Discuss the the images and imagery used in the poem "Yellow Light" by Garrett Hongo.

Knowledge of the writer's life is important to understanding his work.  Garrett Hongo's poem, "Yellow Light," published in a book by the same name in 1982, was nominated for a Pulitzer Prize.  Hongo was born in Hawaii although he has lived most of his life in California and Oregon.  He is currently an English professor at the University of Oregon.


The poem "Yellow Light" is written in free verse and follows no particular pattern. Using the third person point of view,  each stanza completes one aspect of the story. The poem is full of descriptive language and comparisons.

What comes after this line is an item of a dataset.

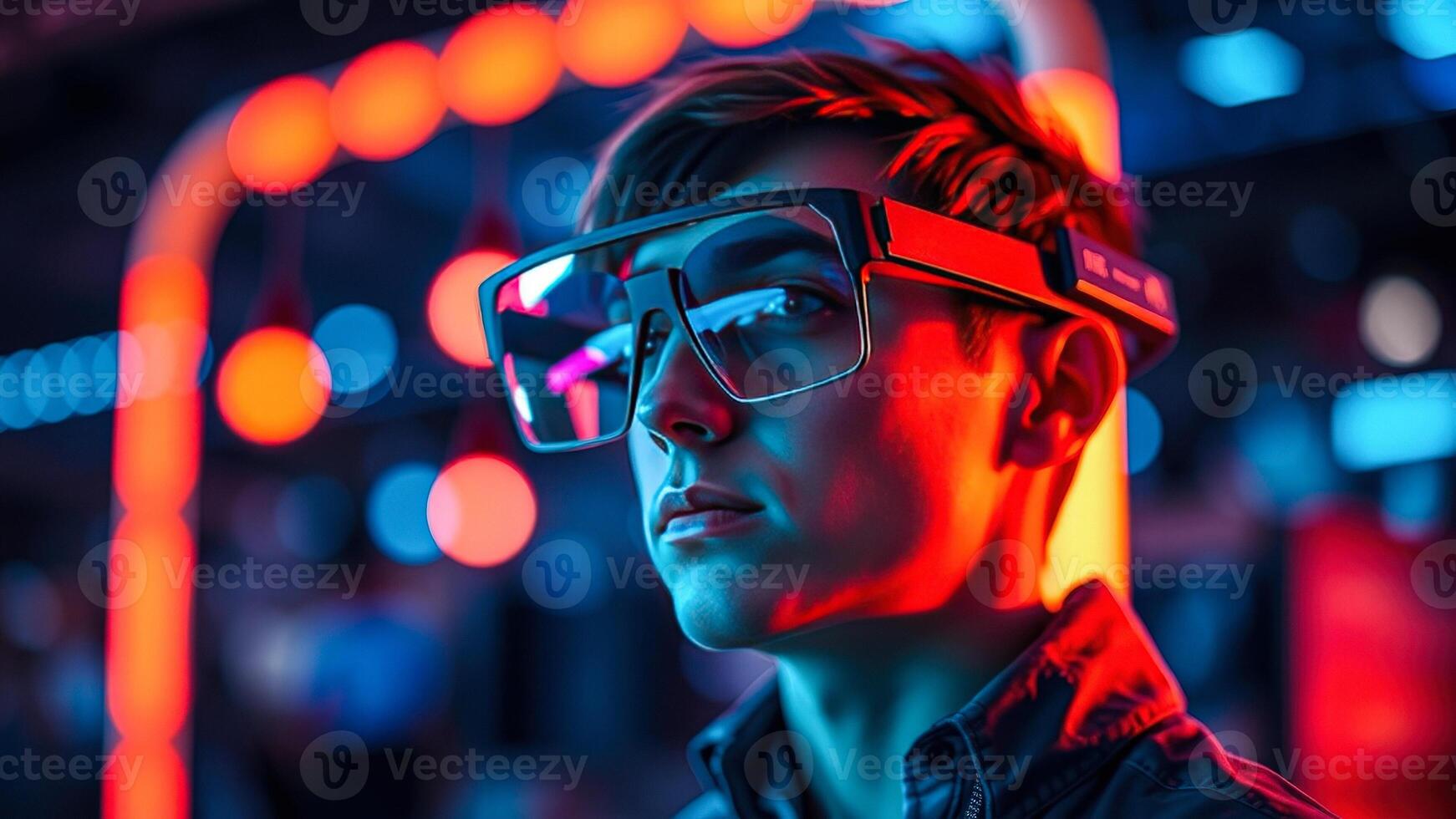 Man with Futuristic Glasses Under Red and Blue Lights photo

The narrator unemotionally observes a woman as she returns from shopping to her apartment.  The strong imagery directs the reader through the streets and the people of the neighborhood. Hongo portrays an ordinary scene in an arresting environment.  The time is early evening in October in Los Angeles.

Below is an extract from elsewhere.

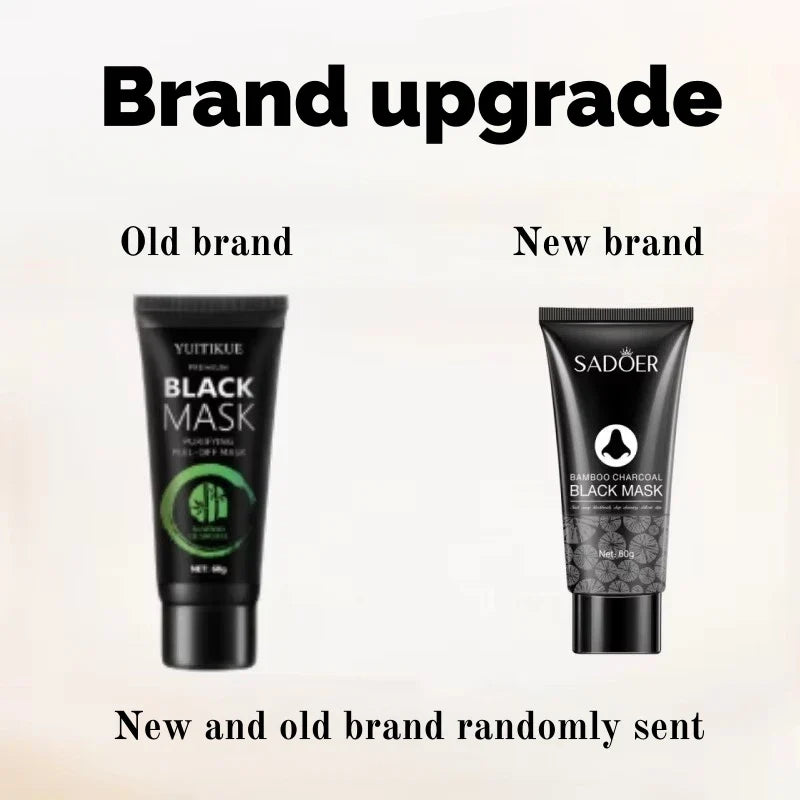 Bamboo Charcoal Blackhead Mask - Peel-Off Mask Containing Ascorbic Acid and Hyaluronic Acid, with Moisturizing and Oil-Controlling Properties, Can Cleanse the Skin.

Coming home from shopping and wearing high heels, the woman steps off a bus and walks up the hill toward her home.  She seems to portray fashionable style but is betrayed by her purse with its frayed handles.  In her other hand, she carries her shopping: fresh spinach, fish, and Swedish bread. 


Her climb takes her past the diverse cultures clustered together.  Schoolboy gangs play war, and Spanish children hopscotch on the sidewalks.  The scents and sounds of the neighborhood just beginning the evening flood through the air.


If it were a different time of year, the poet insinuates, the scenery would be altered.  In springtime, beautiful flowers would be blooming,  and the insects fresh from their cocoons might be finding the warmth of the street lights. 



Wisteria shaking out the long tresses of its purple hair


Orange butterflies settling on the lattice



But it is fall, and the images are more harsh, and the scenery more stark.


As the woman climbs the flight of stairs to her apartment, the scene becomes more personal: the sounds of her heels as she walks; her movements as she places her groceries on the floor; and  the rummaging through her purse to find the keys.  The last impression finds the moon shining through a bush into the window thus covering everything like the smell of yellow onions.


Using several metaphors and similes to convey his scene, the poet's descriptions place the reader into the barrio as the woman passes through it.



Los Angeles seethes like a billboard under twilight


...a brilliant fluorescence breaks out and makes without the dim squares


The spikes of her high heels clicking like the kitchen knives on a cutting board.



Each comparison suggests beauty but realism in the same expression.


The woman seems to ignore her surroundings because she is neither distracted nor involved.  Her focus is on the purpose clearly before her.  Tired from work and yet used to the long journey home, she shows no emotion as she travels through the neighborhood filled with a multiplicity of life's activities.  She like, her environment, is swallowed by the yellow light.